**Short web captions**
-*-

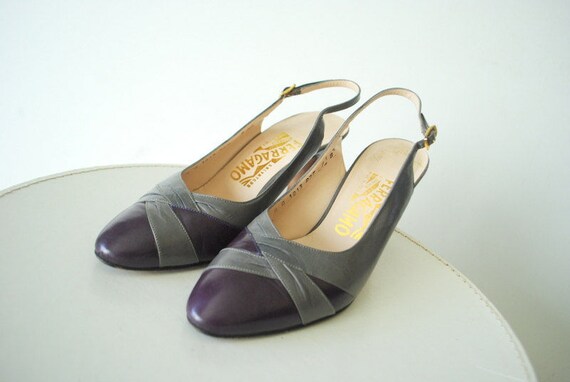 Luxurious vintage 80s grey genuine leather pumps … - image 4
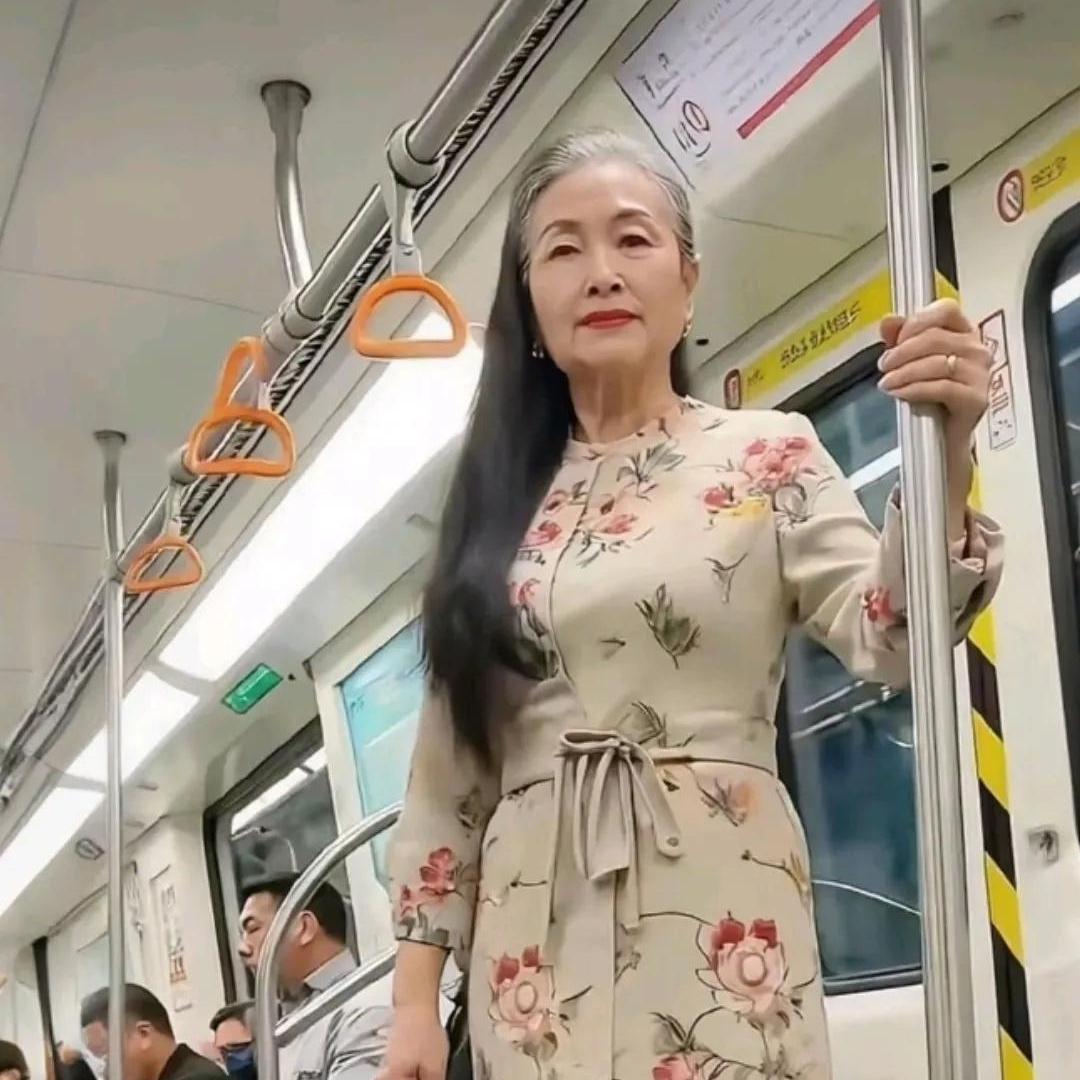 地铁里一眼就被这位阿姨惊艳到了！
 
看着已经六十多岁，一头乌黑长发，
一身雅致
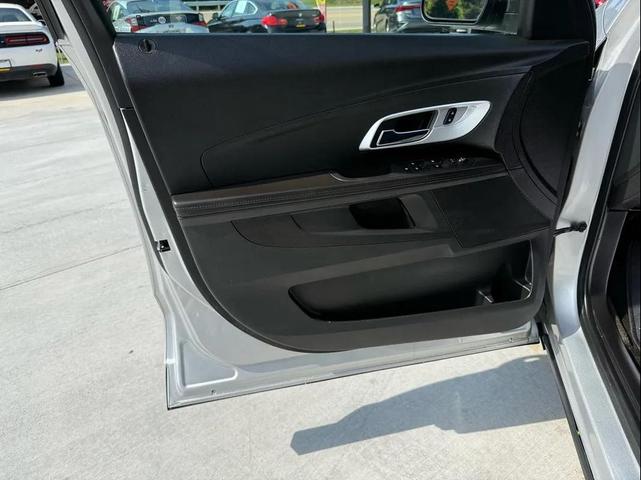 Photo of 2017 Silver Ice Metallic Chevrolet Equinox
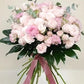 Bouquet di 10 rose spray, 9 ranuncoli, verde decorativo e fiocco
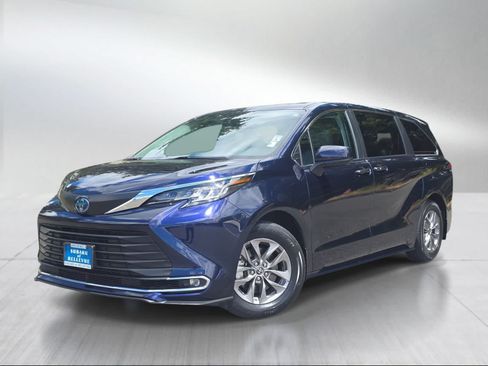 Used 2023 Toyota Sienna XLE AWD/4WD image 1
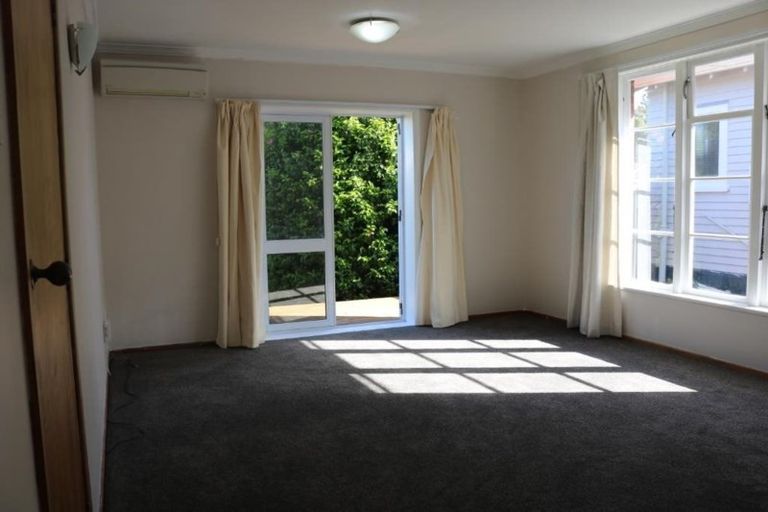 Photo of property in 125 Kings Crescent, Hutt Central, Lower Hutt, 5010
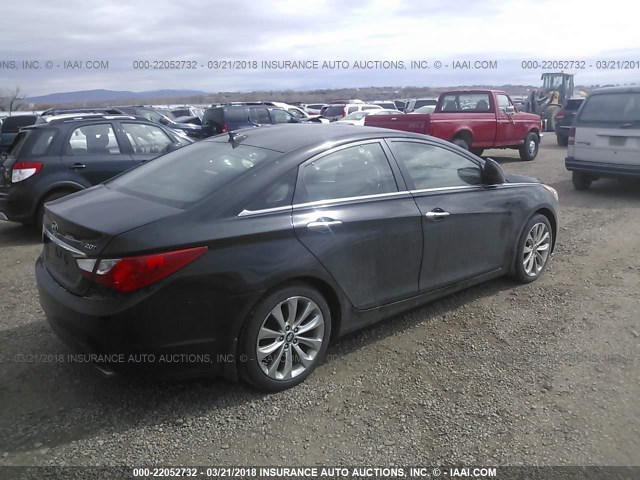 5NPEC4AB6CH463045 - 2012 HYUNDAI SONATA SE/LIMITED BLACK photo 4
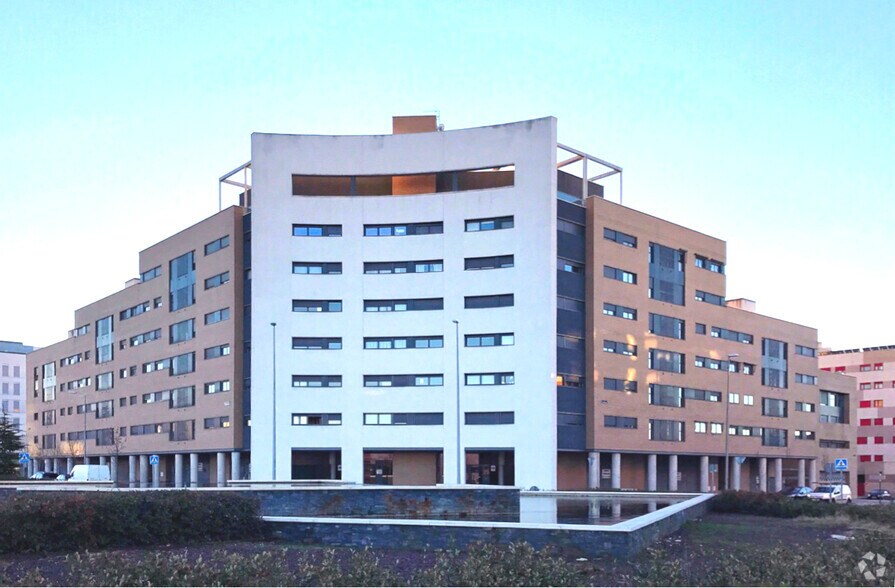 Calle de Alfredo Nobel, 25, Alcorcón, Madrid à vendre - Photo du bâtiment - Image 3 de 3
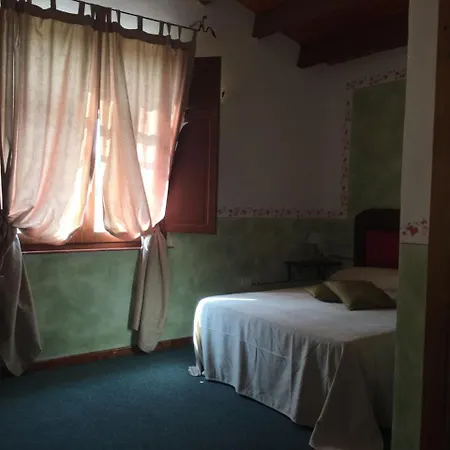 Country Mandra Edera Hotel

-*-

**Exercise**
Nothing but the lines from the one containing "Used 2023 Toyota Sienna XLE AWD/4WD image 1" through the end of the entries should be written out, exactly and without pictures.

**Written solution**
 Used 2023 Toyota Sienna XLE AWD/4WD image 1
 Photo of property in 125 Kings Crescent, Hutt Central, Lower Hutt, 5010
 5NPEC4AB6CH463045 - 2012 HYUNDAI SONATA SE/LIMITED BLACK photo 4
 Calle de Alfredo Nobel, 25, Alcorcón, Madrid à vendre - Photo du bâtiment - Image 3 de 3
 Country Mandra Edera Hotel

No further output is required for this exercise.